§ Material shown:
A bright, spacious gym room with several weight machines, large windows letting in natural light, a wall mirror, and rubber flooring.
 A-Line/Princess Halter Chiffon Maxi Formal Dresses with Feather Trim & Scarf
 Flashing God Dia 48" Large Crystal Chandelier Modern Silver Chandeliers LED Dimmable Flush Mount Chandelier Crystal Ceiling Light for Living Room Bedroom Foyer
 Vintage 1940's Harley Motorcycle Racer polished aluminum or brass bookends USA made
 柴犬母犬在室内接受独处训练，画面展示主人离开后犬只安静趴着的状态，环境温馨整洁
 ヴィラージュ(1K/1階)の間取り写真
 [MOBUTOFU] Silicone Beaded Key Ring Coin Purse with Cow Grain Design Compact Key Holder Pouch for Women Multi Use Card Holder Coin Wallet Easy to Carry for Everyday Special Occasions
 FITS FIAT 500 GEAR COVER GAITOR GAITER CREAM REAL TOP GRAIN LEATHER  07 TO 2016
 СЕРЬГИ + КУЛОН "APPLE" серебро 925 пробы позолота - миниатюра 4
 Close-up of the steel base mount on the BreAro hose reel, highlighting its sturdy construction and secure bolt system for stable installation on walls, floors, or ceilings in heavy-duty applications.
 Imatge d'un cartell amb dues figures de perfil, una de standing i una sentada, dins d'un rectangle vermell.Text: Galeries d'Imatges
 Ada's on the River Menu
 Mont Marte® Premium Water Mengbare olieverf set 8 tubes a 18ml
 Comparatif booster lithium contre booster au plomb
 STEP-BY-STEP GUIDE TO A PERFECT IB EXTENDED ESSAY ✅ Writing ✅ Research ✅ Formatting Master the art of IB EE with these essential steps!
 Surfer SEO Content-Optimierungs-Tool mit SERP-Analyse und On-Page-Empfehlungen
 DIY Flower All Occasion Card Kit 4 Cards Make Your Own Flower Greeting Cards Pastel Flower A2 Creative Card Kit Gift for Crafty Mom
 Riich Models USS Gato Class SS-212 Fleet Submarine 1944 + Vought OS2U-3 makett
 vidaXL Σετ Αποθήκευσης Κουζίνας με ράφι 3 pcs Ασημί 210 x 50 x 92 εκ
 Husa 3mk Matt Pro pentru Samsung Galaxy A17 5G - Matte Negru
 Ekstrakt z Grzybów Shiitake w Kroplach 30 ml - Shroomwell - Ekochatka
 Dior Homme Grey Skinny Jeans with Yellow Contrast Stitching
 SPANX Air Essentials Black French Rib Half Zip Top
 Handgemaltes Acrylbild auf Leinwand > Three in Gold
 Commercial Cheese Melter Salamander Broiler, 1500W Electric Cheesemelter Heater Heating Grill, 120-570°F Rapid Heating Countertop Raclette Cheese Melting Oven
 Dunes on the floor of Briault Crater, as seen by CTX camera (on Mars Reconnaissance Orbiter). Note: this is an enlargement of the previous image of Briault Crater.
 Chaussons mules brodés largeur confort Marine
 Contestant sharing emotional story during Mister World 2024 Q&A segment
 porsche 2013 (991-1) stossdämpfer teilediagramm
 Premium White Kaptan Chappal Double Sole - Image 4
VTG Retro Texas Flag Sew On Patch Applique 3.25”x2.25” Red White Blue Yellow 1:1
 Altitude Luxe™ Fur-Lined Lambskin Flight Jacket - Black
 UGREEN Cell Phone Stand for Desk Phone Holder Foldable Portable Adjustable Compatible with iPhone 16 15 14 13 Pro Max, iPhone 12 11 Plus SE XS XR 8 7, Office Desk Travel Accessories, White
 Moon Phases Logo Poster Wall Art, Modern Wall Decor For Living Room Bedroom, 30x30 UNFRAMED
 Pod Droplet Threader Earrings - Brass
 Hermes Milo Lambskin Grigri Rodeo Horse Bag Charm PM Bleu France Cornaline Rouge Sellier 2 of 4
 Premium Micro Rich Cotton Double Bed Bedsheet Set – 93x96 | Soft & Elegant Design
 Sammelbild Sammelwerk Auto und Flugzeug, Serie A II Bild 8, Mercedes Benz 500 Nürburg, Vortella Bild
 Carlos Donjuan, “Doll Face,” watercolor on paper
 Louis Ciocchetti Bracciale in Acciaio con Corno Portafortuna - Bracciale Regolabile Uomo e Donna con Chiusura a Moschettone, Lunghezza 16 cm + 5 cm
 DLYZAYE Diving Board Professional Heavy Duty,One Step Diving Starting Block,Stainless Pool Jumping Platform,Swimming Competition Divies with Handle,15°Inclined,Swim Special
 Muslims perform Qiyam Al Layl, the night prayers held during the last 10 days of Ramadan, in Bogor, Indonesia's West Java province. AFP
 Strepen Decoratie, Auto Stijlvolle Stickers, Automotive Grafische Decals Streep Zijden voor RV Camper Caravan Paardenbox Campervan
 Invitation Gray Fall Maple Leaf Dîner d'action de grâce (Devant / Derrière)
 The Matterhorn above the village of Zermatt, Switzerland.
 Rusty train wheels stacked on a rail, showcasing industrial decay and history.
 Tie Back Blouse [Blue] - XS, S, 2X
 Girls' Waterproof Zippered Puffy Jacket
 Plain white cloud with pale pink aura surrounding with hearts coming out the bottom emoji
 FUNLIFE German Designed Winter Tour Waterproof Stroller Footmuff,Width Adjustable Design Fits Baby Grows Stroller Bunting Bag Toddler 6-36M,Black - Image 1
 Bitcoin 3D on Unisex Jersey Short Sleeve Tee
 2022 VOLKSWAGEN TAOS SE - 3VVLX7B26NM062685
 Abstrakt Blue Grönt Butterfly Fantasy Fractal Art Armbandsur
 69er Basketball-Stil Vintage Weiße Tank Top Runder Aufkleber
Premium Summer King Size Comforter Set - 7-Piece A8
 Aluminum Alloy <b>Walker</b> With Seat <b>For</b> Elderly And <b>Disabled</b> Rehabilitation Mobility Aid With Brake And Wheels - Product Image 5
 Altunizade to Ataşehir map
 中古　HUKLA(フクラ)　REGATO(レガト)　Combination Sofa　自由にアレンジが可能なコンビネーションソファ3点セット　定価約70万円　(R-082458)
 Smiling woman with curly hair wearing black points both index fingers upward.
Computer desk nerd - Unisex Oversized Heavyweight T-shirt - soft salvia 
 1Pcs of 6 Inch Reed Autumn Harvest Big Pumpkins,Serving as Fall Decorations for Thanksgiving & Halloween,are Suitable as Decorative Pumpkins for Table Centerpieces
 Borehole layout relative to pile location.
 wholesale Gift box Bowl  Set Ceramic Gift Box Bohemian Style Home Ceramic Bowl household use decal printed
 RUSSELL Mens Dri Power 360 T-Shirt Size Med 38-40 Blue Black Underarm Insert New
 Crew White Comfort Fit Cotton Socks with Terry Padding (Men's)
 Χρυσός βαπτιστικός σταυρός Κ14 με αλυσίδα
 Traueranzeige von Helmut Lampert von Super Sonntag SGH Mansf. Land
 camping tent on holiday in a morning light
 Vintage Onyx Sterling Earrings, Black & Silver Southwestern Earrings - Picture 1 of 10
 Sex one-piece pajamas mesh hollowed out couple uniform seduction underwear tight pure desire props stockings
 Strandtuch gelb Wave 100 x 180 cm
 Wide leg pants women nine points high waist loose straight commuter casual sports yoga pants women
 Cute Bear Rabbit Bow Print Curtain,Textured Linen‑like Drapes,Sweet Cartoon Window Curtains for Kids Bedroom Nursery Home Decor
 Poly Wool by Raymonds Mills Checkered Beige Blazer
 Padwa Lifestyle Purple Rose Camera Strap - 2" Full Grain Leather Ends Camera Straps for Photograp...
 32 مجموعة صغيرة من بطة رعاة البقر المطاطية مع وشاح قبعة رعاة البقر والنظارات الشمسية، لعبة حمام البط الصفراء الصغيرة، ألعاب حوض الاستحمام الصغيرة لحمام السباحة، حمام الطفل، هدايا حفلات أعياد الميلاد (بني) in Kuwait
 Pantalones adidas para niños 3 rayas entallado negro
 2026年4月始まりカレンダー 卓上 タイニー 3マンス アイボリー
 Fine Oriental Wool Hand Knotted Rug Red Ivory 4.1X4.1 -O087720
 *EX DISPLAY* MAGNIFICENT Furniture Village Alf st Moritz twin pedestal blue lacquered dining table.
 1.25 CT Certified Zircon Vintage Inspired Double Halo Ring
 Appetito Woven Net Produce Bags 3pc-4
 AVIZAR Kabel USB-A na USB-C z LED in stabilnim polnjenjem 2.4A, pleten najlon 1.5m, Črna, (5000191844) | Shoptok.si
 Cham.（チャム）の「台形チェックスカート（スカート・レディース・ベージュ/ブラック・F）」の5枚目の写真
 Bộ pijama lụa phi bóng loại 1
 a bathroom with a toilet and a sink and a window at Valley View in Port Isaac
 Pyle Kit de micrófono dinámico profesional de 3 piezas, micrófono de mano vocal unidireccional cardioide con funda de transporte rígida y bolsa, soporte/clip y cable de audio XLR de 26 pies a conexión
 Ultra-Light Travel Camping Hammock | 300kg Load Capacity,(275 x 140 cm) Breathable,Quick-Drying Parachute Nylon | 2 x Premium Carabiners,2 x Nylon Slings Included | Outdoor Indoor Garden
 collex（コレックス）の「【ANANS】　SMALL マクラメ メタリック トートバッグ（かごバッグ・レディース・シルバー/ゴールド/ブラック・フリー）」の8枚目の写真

§ Exercise description: Every line in the data that holds the string "Adjustable" should be returned.

§ Solution to the problem:
 UGREEN Cell Phone Stand for Desk Phone Holder Foldable Portable Adjustable Compatible with iPhone 16 15 14 13 Pro Max, iPhone 12 11 Plus SE XS XR 8 7, Office Desk Travel Accessories, White
 FUNLIFE German Designed Winter Tour Waterproof Stroller Footmuff,Width Adjustable Design Fits Baby Grows Stroller Bunting Bag Toddler 6-36M,Black - Image 1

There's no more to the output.